In 2024 and 2025, alternative algorithms including Direct Preference Optimization (DPO) and Group Relative Policy Optimization (GRPO) gained popularity as simpler alternatives to PPO for preference-based fine-tuning. GRPO, developed by DeepSeek researchers, was notably used to train DeepSeek-R1's reasoning capabilities. However, PPO remains widely used for tasks requiring a separate reward model and online data collection.

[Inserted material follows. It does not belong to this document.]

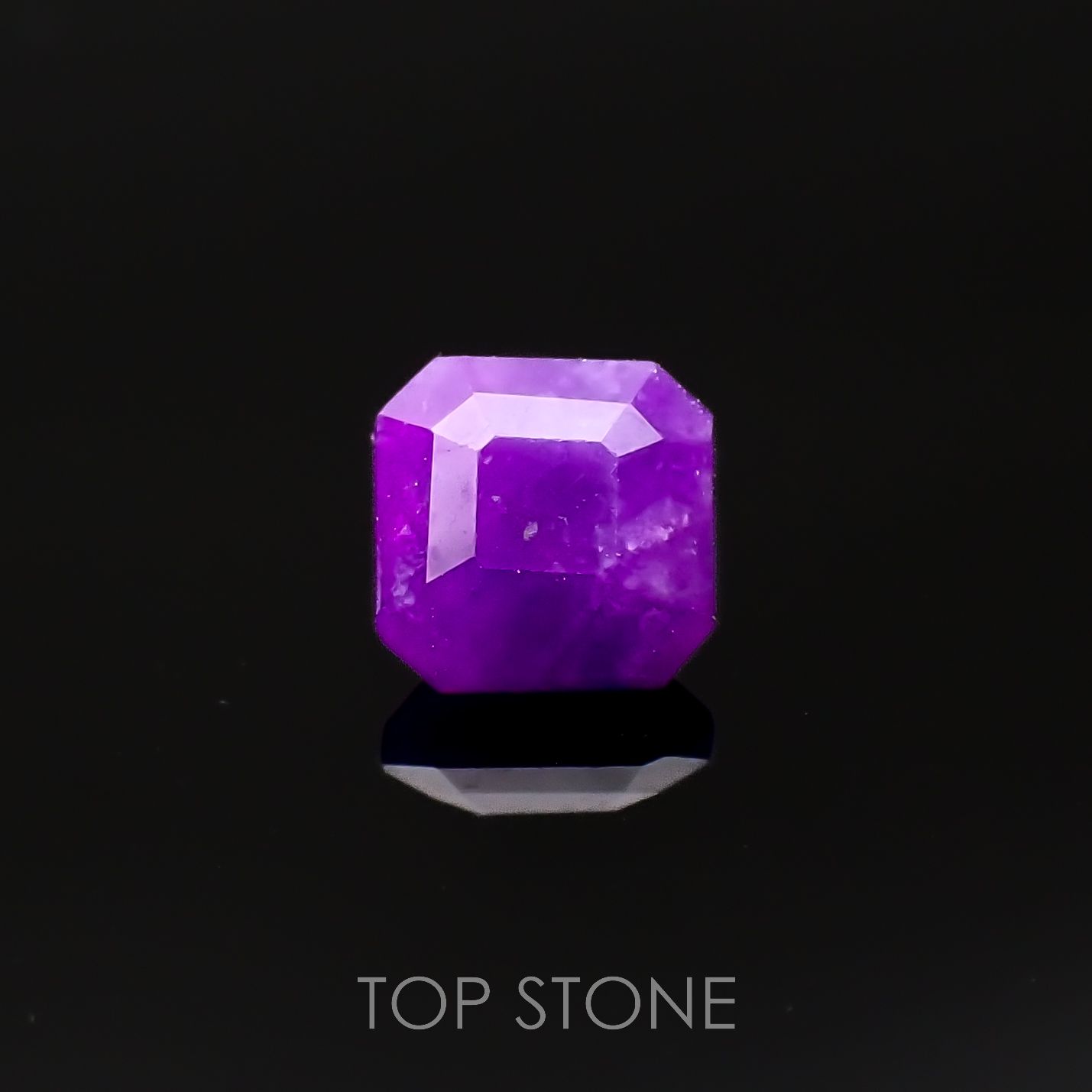 スギライト 南アフリカ産 0.48ct[220917609]4.6x4.6mm前後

| Algorithm | Constraint Mechanism | Complexity | Sample Efficiency | |---|---|---|---| | REINFORCE | None | Low | Low | | TRPO | KL constraint (hard) | High | Moderate | | PPO | Clipped ratio (soft) | Low | Good | | DPO | No RL loop | Very low | Offline only | | GRPO | Group-relative reward | Moderate | Good |

References

  1. Schulman, J., Wolski, F., Dhariwal, P., Radford, A., & Klimov, O. (2017). Proximal policy optimization algorithms. arXiv:1707.06347.
  2. Schulman, J., Levine, S., Abbeel, P., Jordan, M., & Moritz, P. (2015). Trust region policy optimization. Proceedings of ICML 2015.
  3. Ouyang, L., et al. (2022). Training language models to follow instructions with human feedback. Advances in Neural Information Processing Systems, 35.
  4. Schulman, J., Moritz, P., Levine, S., Jordan, M., & Abbeel, P. (2015). High-dimensional continuous control using generalized advantage estimation. arXiv:1506.02438.
  5. DigitalOcean. (2024). Proximal Policy Optimization: Implementation and Applications. DigitalOcean Community Tutorials.